In the course of my recent tour, during which I visited some of the most famous sites and beautiful or historic buildings in India, I more than once remarked, in reply to Municipal addresses, that I regarded the conservation of ancient monuments as one of the primary obligations of Government.”

-Lord Curzon, Viceroy of India, addressing the Asiatic Society of Bengal in 1900, at its annual meeting


It’s a relatively lesser-known fact about British rule in India that Lord Curzon, the architect of the partition of Bengal in 1905 was also the architect of the first major legislation pertaining to built heritage preservation in India.

Driven no doubt by imperial considerations, Curzon gave a big impetus to the preservation of monuments, infused new energy into the Archaeological Survey of India, and a created policy framework for heritage preservation.
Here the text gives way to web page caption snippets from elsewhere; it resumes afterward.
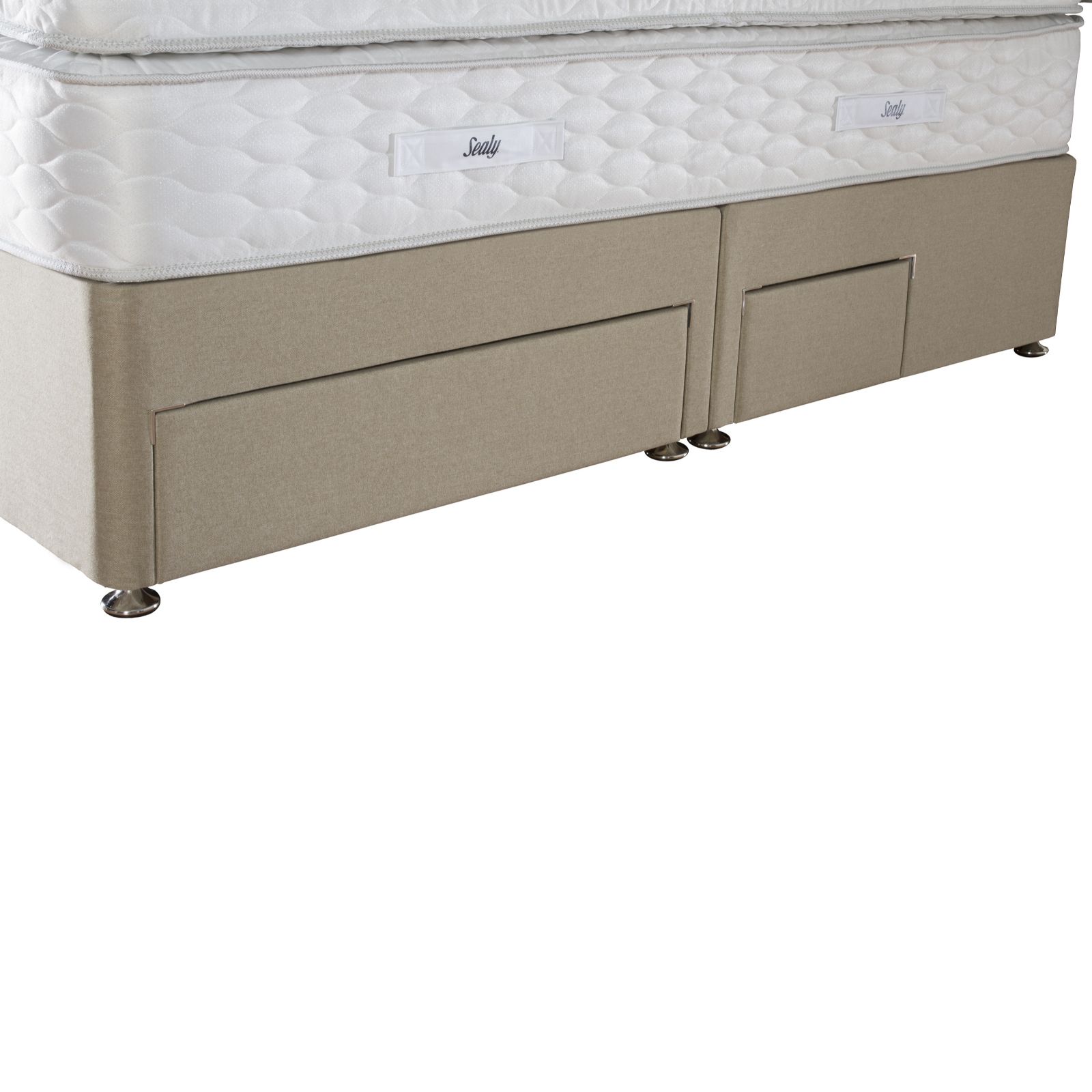 Sealy Posturepedic Pocket 1400 Springs Geltex Box Top Mattress & Divan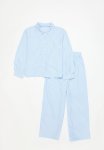 PoP Candy Striped 2 Piece Set - Blue & White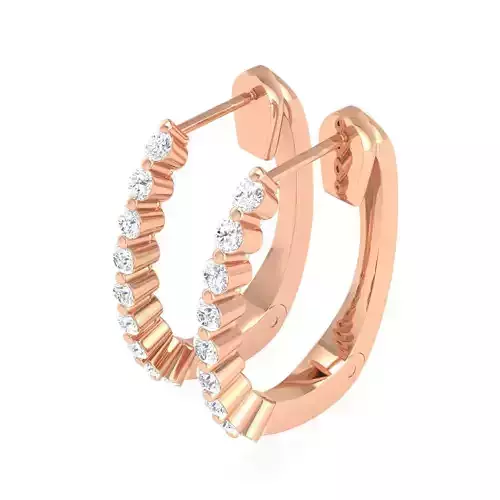 Women Earrings 3dm stl render detail  3D print model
The Ancient Monuments Preservation Act of 1904 forms the foundation for post-independence legislations. It defined a monument as “any structure, erection or monument, or any tumulus or place of interest, or any cave, rock sculpture, inscription or monolith, which is of historical, archaeological or artistic interest”, as also “such portion of land adjoining the site of an ancient monument as may be required for fencing or covering in or otherwise preserving such monument”.

Heritage tag, rather than being a matter of pride, is a sour point with property owners as they don’t have a free hand to renovate structures.
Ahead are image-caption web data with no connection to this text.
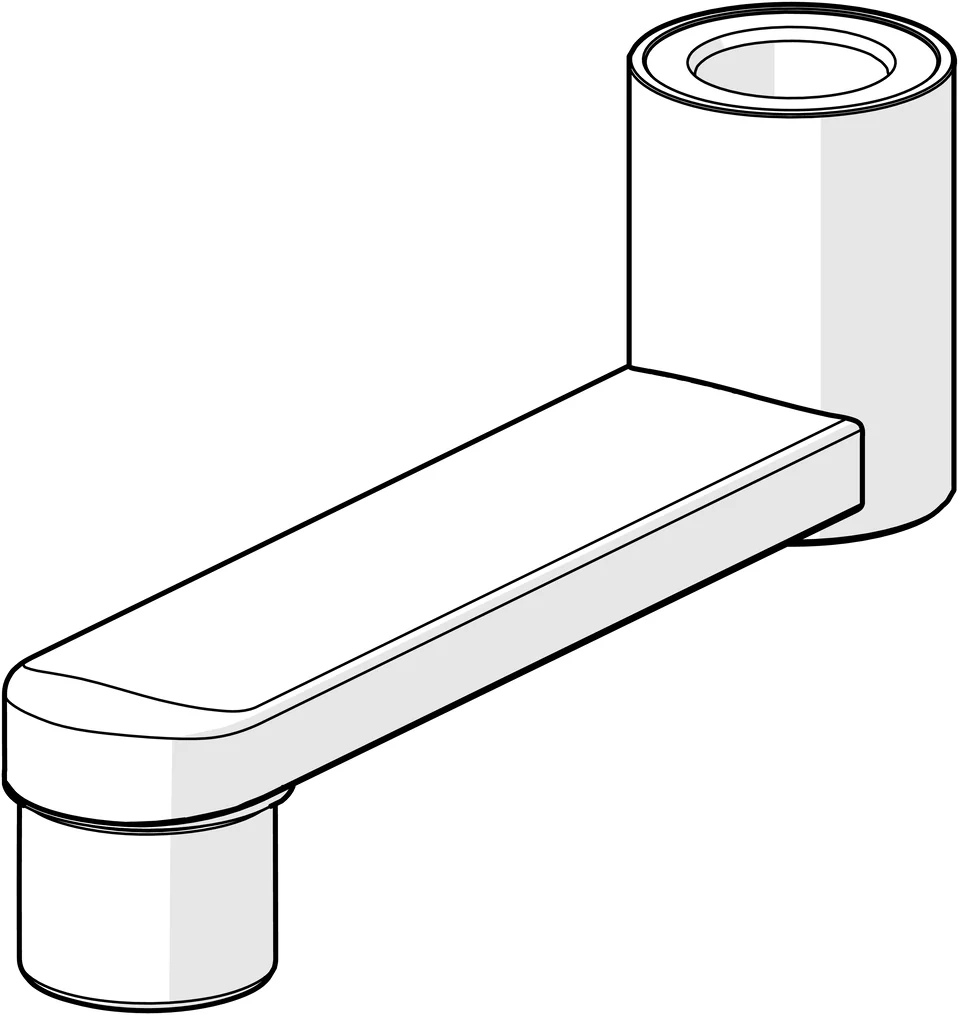 Auslauf 2900 L=100 Ausladung 100 mm Chrom Auslauf 2900 L=100 Ausladung 100 mm Chrom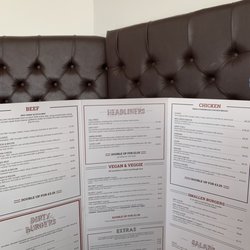 Handmade Burger Co - Menu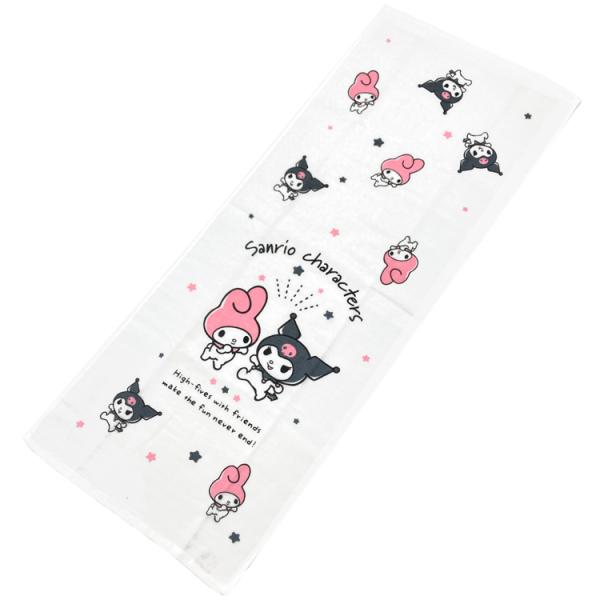マイメロディ&クロミ フェイスタオル ガーゼパイル 074557 SANRIO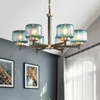 Modern led chandelier home decoration stained glass chandelier light luxury living room bedroom dining room chandelier lighting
The Act provided for the compulsory purchase of a building by the government if it felt the monument was threatened, put restrictions on any alteration in such monuments, and fixed boundaries around monuments within which mining, quarrying or construction activity was strictly controlled by the government.

The Ancient and Historical Monuments and Archaeological Sites and Remains (Declaration of National Importance) Act, 1951 was the first legislation for heritage preservation in independent India. It bestowed “national importance” status upon all the monuments and archaeological sites and remains that had been originally included in the 1904 Act.
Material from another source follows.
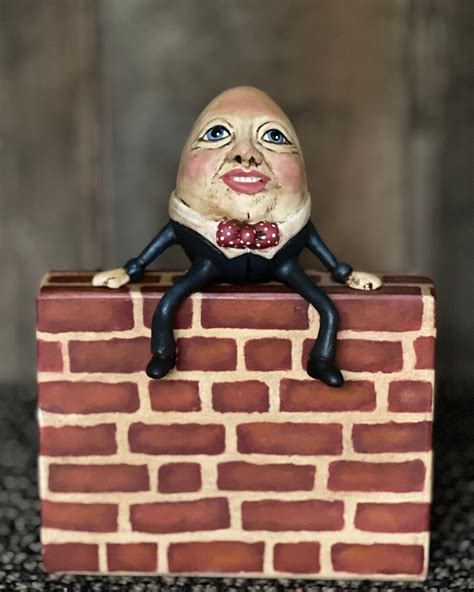 Humpty Dumpty Sat On A Wall Etsy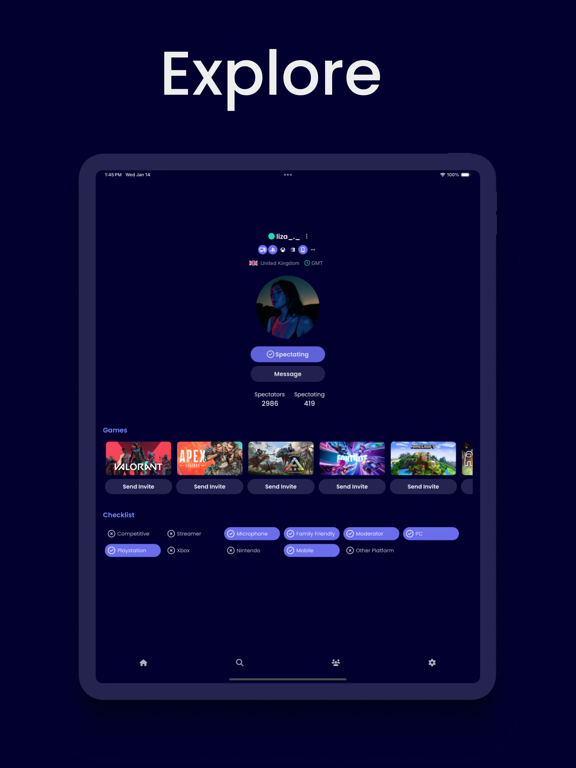 PaxJax iPad screenshot 3 - Social Networking app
(A heritage building in Shahjahanabad,  Old Delhi.)

More monuments have been added to this list, adding up to a total of 3,700 monuments-all of national importance.

In 1958, the Ancient Monuments and Archaeological Sites and Remains (AMASR) Act was enacted, which, taking on from the 1904 Act, introduced the notion of “prohibited” area around a monument, in which no construction work was allowed except under the supervision of an archaeological officer; and a further regulated area, in which too restrictions would apply.

This was followed up with the Ancient Monuments and Archaeological Sites and Remains Rules, 1959, empowering the Central Government to specify the exact prohibited and regulated area around national monuments. Under these rules, it was in May 1991 that the Central Government specified 100m area around the monument as a prohibited area, and further 200m, as regulated area.

Navin Piplani, Principal Director, INTACH Heritage Academy, told The Leaflet: “Most of the provisions of the Act resonate with what was happening during the British colonial period. Many of the monuments that have been declared monuments of ‘national importance’ are not isolated structures. These are surrounded by people. In our cultural context, these were not ‘monuments’; these were part of the settlement. But when you bring in an Act, you bring in bureaucracy and control.”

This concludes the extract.